> WORK INSTRUCTIONS: Starting with the line that holds "Imagem de Luva" and stopping after the line that holds "10L0L FE290 fuel", repeat the lines below word for word, without the pictures.

> INFORMATION:
╭──
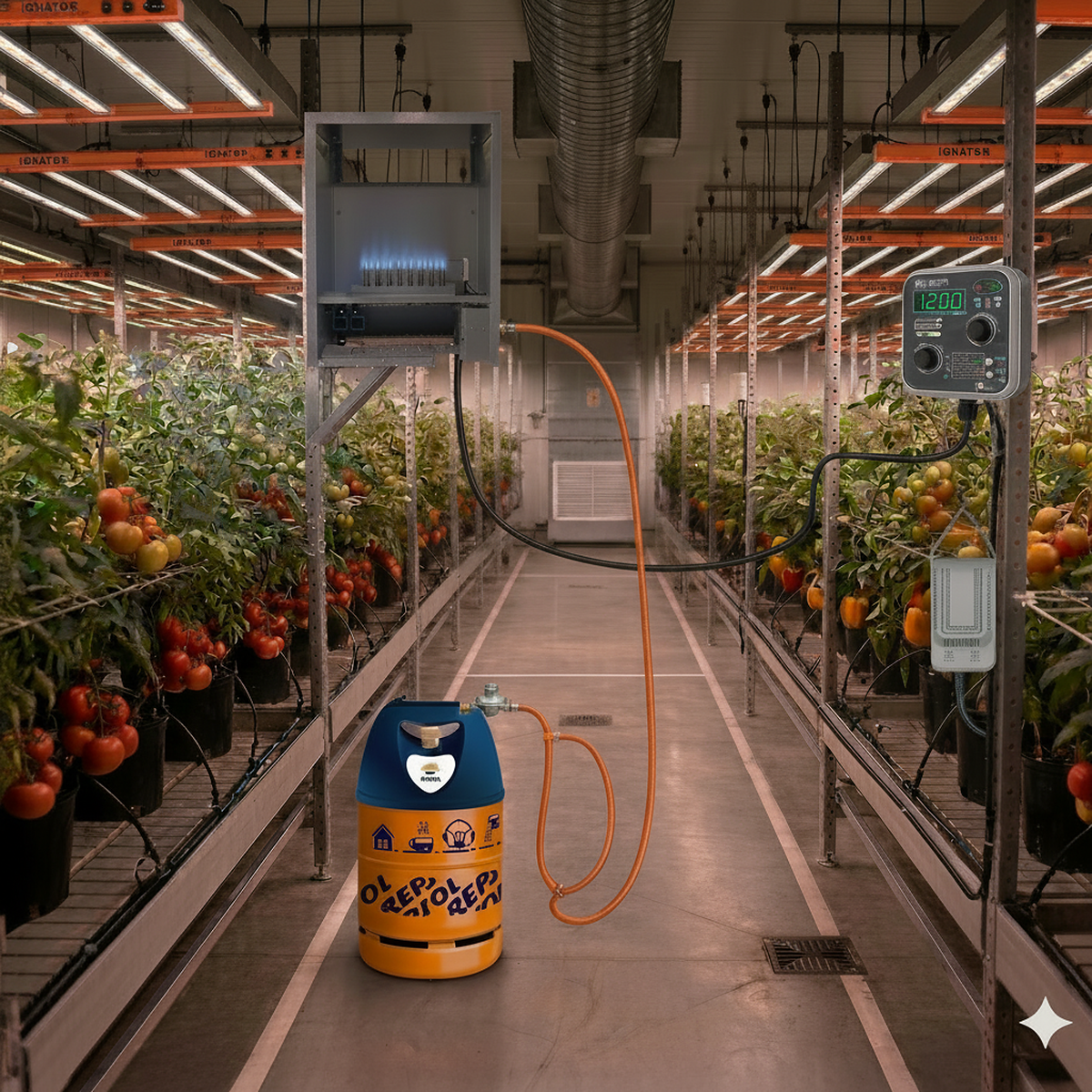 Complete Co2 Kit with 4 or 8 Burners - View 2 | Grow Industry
╰──
╭──
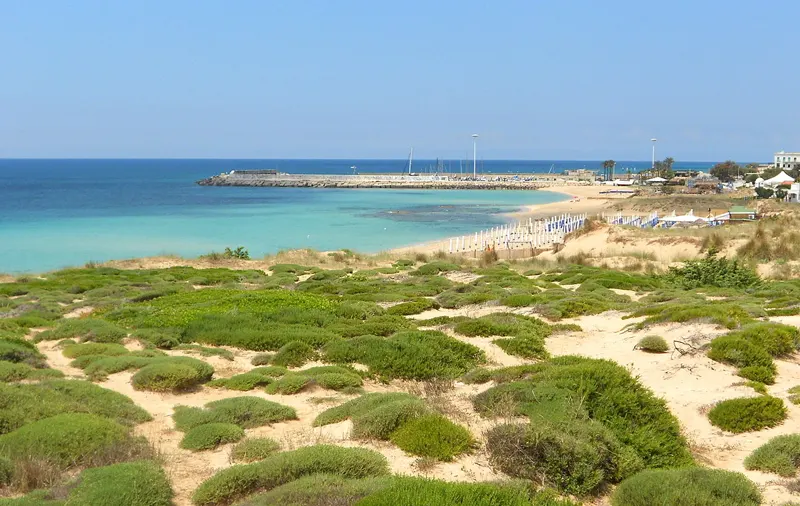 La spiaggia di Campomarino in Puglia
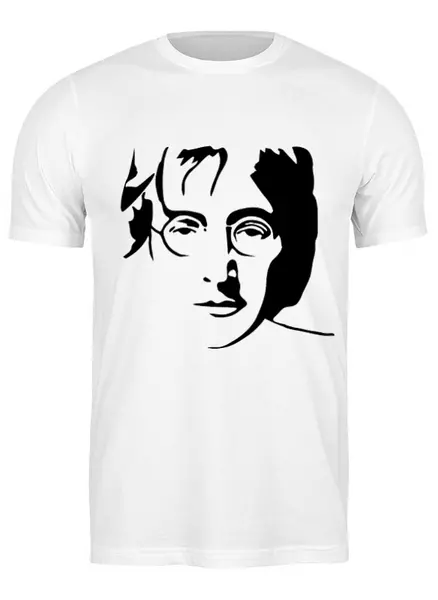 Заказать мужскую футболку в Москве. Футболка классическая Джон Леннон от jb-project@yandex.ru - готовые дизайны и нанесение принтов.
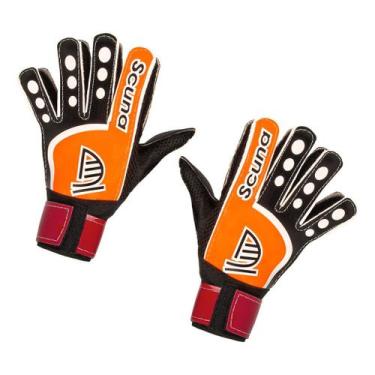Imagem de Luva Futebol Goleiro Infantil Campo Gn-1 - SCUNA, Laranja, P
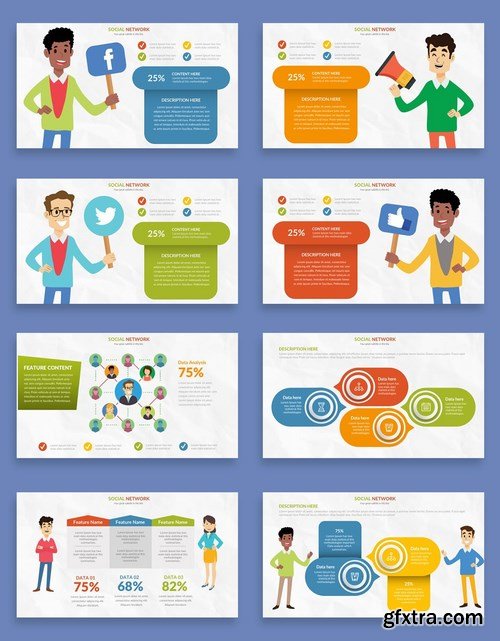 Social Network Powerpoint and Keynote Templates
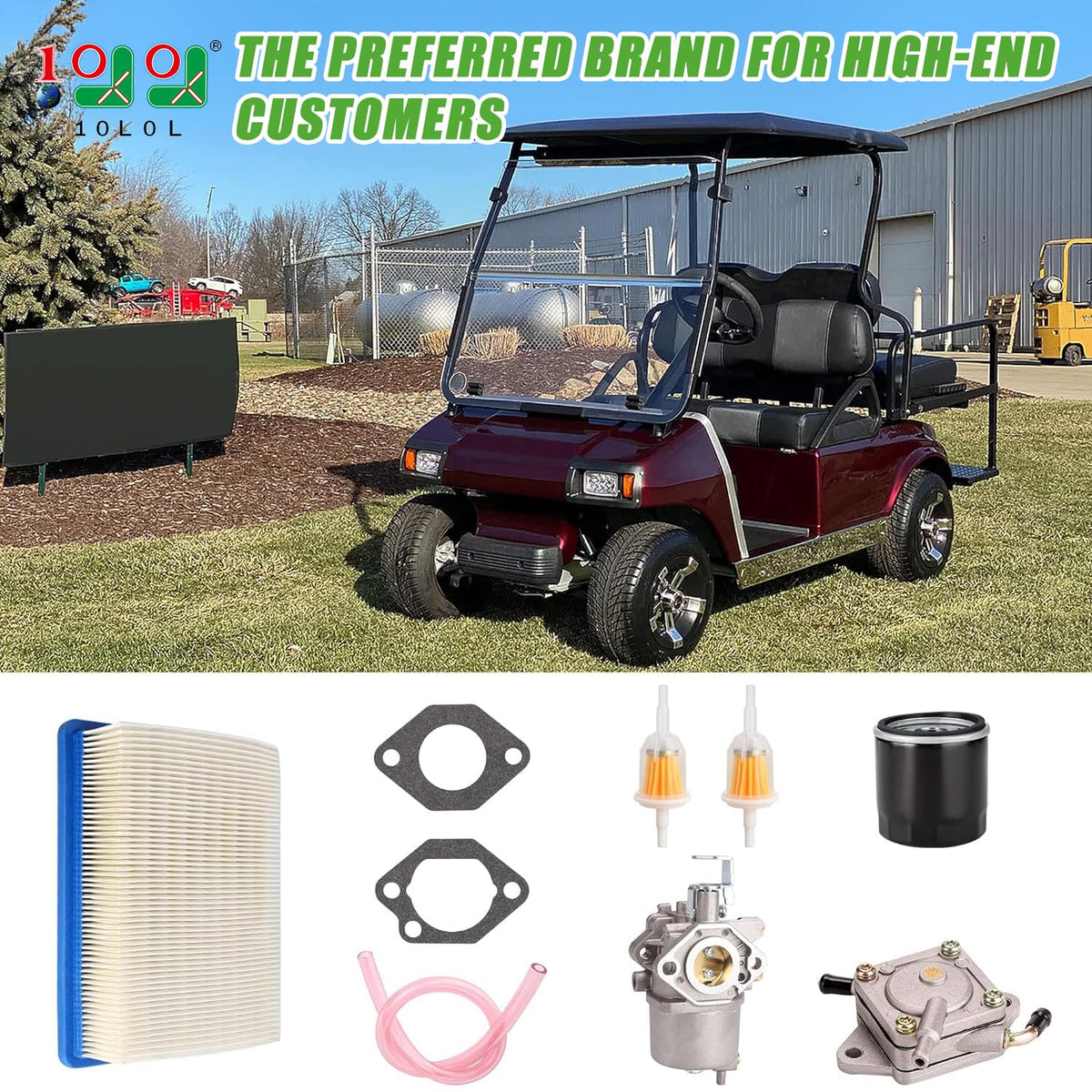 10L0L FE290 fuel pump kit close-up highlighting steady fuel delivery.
╰──
> SOLUTION:
Imagem de Luva Futebol Goleiro Infantil Campo Gn-1 - SCUNA, Laranja, P
 Social Network Powerpoint and Keynote Templates
 10L0L FE290 fuel pump kit close-up highlighting steady fuel delivery.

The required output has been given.